Belleza, bondad, verdad. En Grecia no hay analfabetos. La educación siempre fue su cruzada social. La enseñanza es de calidad y gratuita (incluso el Estado cubre el coste de los libros) en el país del que surgió lo mejor que el hombre ha dado de sí mismo. Porque si se nos enseña, superamos cualquier meta. Filosofía, técnica, política, moral. Y, sin embargo, lo más emocionante de los griegos es que, aun siendo hijos de Apolo, Atenea y sus filósofos; del advenimiento del derecho civil, la racionalidad y los aspectos superiores de la cultura; de, en fin, todo lo logrado por el ser humano después de colocarse en el centro del universo, jamás han dejado de lado la espiritualidad más primordial: el Partenón, en la ciudad alta, convive con las pequeñas capillas ortodoxas, de planta centralizada, distribuidas por toda la ciudad baja. Precisamente por filósofos, por filántropos, los griegos nunca han abandonado su necesidad de sentido existencial; de dioses, de parnasos, de masallás.
Dicen, en definitiva, que se puede considerar griego a todo aquel que hable el idioma y se santigüe empezando por la derecha. La fe ortodoxa, que sólo se diferencia de la católica por el dogma del Espíritu Santo, aunque el Papa excomulgó al patriarca de Constantinopla, es parte del patrimonio cultural del pueblo griego. Y así, incluso en la Santorini cicladita, la que ofrece todos sus puertos a los turistas ("que los frívolos me llamen frívolo", escribió nuestro poeta), se pueden distinguir en la línea horizontal del panorama de casas azules y blancas muchas cúpulas coronadas de cruces. Son antiguas capillas familiares: en Grecia, aunque ya no se utilicen para el culto, no se destruyen las iglesias. Ninguna. Para ellos son la entrada de Cristo en la tierra. Y las colocan, reproducidas a escala de un ramo de flores, en las carreteras para conmemorar el fallecimiento de un ser querido en un accidente. Son, sin duda, un pueblo profundo que además lo demuestra.

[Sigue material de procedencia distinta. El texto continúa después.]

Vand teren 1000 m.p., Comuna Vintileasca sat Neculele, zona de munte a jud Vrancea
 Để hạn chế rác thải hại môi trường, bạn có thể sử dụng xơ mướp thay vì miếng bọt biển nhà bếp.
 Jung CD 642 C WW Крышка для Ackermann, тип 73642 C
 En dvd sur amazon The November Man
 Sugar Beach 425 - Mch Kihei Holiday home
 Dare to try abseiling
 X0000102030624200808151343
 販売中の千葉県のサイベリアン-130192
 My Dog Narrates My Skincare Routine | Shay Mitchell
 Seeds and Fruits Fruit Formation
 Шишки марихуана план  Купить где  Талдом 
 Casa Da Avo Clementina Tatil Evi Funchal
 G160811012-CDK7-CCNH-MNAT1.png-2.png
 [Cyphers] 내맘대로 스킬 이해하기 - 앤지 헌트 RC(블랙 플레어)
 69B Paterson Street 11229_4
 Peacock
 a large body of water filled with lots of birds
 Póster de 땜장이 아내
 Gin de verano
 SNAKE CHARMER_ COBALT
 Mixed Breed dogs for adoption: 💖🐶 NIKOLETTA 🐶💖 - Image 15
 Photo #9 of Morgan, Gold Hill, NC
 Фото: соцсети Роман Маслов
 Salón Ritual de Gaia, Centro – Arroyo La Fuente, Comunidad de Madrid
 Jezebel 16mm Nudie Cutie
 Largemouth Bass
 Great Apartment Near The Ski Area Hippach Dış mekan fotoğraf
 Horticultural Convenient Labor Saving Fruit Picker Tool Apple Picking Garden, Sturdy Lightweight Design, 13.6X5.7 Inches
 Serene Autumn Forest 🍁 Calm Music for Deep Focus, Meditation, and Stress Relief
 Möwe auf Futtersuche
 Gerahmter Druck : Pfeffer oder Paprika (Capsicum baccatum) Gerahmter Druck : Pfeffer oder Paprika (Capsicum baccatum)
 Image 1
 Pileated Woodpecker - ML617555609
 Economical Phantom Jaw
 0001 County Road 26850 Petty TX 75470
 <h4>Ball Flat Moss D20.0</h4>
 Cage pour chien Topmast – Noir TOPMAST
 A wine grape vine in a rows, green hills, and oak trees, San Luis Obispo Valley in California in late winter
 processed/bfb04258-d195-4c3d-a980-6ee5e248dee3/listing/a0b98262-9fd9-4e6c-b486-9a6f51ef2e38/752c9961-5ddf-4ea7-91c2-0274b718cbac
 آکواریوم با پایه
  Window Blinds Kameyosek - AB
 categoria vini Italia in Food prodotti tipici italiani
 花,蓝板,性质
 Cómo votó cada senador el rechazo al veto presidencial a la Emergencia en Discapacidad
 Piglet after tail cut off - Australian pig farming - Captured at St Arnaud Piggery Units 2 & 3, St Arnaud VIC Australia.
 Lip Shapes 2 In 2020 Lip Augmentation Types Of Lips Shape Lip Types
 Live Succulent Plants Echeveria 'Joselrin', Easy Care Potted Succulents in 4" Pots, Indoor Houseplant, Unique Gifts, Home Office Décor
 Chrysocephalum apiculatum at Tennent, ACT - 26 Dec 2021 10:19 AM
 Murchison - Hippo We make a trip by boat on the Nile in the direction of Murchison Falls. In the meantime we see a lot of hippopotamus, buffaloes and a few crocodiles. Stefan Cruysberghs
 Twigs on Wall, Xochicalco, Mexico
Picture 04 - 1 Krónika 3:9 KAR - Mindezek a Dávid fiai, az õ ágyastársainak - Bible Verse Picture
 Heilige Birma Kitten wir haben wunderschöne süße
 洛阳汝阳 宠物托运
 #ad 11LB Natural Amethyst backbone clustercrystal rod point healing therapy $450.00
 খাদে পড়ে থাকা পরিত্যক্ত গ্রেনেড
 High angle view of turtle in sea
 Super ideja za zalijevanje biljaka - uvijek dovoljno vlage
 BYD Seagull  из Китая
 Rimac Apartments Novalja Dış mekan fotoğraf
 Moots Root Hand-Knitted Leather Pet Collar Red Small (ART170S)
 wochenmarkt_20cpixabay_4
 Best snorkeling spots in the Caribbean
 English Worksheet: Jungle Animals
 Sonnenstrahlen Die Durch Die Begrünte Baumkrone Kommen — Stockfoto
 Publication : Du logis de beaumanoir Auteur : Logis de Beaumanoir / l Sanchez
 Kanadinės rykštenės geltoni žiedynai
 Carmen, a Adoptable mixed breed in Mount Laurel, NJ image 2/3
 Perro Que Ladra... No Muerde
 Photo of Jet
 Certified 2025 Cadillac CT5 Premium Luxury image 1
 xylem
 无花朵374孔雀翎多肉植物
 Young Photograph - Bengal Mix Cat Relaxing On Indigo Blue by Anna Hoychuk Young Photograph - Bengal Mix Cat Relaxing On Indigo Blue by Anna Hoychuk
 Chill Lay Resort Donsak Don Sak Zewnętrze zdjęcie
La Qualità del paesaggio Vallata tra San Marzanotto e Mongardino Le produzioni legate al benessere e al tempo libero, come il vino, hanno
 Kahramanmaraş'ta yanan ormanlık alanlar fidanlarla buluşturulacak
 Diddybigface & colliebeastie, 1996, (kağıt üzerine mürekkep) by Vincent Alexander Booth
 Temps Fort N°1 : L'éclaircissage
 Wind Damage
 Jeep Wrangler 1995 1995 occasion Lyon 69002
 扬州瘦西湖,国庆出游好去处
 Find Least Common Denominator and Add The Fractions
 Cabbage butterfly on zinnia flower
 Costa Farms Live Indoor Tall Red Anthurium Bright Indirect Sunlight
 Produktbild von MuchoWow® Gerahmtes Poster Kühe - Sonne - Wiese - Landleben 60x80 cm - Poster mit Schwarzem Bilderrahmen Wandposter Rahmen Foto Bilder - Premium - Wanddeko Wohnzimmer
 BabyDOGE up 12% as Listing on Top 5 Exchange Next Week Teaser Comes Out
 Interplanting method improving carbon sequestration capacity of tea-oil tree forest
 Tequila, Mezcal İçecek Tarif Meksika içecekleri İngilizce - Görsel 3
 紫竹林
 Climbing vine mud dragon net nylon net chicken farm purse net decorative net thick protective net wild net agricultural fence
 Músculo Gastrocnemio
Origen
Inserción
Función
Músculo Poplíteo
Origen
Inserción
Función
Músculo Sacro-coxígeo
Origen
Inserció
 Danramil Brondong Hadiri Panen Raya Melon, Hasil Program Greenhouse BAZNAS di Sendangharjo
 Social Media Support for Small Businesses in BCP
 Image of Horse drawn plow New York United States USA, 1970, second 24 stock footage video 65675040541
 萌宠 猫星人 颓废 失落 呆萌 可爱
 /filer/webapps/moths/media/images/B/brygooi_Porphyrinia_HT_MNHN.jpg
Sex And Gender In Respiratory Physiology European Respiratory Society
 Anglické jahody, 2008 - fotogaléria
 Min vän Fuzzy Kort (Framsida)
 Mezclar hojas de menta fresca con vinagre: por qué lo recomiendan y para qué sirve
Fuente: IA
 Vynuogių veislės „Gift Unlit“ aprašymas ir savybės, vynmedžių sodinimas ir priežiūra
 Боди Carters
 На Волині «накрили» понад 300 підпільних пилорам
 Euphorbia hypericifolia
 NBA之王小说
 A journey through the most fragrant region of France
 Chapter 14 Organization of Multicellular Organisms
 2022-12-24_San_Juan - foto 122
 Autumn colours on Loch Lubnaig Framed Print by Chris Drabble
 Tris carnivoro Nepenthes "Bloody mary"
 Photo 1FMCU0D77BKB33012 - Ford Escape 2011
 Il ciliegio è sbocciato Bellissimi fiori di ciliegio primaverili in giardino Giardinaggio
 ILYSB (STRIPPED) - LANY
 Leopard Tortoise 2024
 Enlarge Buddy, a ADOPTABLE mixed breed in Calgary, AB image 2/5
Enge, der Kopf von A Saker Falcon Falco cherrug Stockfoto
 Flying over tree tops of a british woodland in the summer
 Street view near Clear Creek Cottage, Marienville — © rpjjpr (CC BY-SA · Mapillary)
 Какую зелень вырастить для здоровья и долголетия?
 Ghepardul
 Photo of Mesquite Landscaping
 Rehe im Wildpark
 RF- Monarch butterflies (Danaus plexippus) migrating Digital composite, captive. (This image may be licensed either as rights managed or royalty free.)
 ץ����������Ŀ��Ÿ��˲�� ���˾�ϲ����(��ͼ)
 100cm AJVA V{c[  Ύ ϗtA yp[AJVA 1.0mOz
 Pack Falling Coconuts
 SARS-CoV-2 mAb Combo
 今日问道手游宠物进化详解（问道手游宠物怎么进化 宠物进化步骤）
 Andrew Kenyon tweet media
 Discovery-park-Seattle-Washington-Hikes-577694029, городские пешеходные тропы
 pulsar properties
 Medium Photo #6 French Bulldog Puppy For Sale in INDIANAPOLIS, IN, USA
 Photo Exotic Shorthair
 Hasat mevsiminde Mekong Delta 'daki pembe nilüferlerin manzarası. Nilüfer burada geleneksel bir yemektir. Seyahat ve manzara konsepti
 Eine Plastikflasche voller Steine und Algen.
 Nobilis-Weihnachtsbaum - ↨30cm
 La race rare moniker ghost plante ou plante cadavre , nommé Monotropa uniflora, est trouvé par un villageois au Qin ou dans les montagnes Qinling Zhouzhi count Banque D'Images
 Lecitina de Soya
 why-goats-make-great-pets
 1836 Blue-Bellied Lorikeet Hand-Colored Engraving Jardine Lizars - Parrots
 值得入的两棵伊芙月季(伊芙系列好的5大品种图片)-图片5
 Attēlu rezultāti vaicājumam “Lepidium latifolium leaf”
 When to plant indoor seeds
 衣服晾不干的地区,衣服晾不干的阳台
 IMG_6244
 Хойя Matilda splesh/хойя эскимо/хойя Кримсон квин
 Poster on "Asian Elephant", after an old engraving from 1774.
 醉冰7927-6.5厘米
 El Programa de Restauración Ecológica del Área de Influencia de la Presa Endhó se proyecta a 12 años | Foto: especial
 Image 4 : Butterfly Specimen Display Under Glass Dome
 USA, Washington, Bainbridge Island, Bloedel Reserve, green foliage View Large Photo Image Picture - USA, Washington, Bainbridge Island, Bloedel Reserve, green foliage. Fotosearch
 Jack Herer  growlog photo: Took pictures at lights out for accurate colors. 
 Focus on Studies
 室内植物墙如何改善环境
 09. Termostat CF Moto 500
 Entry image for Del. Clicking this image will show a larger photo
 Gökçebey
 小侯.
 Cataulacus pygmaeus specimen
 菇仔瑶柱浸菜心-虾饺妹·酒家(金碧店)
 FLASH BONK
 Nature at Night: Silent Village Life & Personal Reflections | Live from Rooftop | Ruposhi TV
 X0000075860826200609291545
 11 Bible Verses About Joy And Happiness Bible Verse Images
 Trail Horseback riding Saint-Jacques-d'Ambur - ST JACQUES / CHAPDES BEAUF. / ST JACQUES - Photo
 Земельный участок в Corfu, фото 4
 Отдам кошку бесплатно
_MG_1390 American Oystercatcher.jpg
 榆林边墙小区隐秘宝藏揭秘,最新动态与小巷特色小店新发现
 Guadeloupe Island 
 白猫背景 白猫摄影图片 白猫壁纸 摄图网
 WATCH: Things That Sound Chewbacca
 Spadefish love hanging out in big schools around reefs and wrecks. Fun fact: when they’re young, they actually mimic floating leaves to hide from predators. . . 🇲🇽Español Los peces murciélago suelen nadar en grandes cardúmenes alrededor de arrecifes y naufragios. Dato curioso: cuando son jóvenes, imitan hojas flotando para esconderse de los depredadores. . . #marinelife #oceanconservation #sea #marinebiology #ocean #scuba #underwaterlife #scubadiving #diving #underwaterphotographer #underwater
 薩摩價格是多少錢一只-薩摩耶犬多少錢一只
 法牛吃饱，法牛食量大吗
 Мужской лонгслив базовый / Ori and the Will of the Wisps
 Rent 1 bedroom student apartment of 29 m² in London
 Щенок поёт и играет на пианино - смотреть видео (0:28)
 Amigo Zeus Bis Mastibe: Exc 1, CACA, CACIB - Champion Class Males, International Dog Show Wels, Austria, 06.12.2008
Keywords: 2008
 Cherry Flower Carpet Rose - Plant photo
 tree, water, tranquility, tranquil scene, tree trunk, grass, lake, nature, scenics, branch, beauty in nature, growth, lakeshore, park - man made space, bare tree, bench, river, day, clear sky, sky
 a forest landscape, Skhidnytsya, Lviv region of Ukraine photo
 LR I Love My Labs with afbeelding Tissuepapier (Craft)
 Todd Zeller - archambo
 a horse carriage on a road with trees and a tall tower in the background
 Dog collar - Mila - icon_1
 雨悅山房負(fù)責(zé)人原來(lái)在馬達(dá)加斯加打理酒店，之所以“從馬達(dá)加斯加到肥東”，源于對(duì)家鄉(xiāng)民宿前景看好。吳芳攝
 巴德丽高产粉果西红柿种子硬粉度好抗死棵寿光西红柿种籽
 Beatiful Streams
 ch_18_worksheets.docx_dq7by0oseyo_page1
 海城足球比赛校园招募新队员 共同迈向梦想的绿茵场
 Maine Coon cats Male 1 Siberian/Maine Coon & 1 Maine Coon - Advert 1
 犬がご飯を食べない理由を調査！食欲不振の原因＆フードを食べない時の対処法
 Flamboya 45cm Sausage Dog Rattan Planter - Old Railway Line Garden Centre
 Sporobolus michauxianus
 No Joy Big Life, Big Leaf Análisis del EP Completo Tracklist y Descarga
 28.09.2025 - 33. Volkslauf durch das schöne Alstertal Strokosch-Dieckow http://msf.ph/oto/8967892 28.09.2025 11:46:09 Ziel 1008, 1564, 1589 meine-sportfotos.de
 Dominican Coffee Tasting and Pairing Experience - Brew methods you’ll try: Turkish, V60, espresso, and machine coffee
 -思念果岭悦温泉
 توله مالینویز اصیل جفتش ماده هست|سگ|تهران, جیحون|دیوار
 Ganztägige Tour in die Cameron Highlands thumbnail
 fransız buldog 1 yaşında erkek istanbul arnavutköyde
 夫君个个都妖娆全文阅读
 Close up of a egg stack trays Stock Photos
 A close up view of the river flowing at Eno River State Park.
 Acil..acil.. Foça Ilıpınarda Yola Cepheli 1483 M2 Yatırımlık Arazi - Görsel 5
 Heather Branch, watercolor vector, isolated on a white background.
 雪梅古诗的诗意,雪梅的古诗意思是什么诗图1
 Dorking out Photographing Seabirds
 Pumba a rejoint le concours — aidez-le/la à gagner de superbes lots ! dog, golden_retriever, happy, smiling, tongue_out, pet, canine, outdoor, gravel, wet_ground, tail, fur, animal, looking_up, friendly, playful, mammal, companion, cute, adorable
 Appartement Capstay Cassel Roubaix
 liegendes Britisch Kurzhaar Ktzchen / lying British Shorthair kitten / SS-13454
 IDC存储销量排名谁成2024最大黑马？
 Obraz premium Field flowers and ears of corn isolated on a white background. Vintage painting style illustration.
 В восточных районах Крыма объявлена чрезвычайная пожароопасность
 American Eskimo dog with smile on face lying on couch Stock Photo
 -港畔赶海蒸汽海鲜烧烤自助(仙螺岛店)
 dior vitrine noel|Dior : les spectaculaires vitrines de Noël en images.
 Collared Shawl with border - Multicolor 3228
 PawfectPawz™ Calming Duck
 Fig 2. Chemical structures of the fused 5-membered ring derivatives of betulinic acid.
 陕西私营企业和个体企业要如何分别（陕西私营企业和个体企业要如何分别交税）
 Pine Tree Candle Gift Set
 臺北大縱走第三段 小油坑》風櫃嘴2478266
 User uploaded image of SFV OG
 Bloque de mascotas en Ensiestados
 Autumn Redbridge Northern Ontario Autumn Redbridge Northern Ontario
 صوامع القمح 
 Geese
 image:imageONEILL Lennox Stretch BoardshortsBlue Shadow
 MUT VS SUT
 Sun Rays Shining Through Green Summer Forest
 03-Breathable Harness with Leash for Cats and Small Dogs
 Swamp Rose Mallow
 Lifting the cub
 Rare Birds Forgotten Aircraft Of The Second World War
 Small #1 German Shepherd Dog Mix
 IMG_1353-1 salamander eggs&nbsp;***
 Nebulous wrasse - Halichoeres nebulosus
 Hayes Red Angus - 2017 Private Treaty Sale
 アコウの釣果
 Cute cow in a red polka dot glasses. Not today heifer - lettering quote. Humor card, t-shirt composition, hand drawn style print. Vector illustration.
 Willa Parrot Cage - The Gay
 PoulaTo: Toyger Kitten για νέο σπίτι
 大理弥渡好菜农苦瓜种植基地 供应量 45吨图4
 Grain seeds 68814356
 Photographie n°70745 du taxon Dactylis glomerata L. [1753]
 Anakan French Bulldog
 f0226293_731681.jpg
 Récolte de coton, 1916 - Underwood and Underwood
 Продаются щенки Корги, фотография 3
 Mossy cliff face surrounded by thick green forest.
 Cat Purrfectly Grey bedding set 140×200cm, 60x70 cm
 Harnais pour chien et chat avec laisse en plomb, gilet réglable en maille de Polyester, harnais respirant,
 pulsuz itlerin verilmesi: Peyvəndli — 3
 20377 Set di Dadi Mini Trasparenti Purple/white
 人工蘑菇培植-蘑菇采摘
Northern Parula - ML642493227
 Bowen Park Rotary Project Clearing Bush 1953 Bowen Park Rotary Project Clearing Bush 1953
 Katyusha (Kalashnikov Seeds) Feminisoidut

Un pueblo bello porque la mejor belleza es la de sentirse bello por saberse bueno. Un pueblo capaz de seguir haciendo poemas en medio de la crisis del euro. Un pueblo que ha dicho que sí a un partido de izquierdas para decir que no a la humillación de los que quieren incluso comprar sus cariátides.
No van a conseguirlo. El pueblo griego, como escribió Kavafis, no va a cesar en el esfuerzo de mantenerse digno, porque se ha obstinado en su honor: "Honor a quienes en su vida se han marcado / el defender unas Termópilas".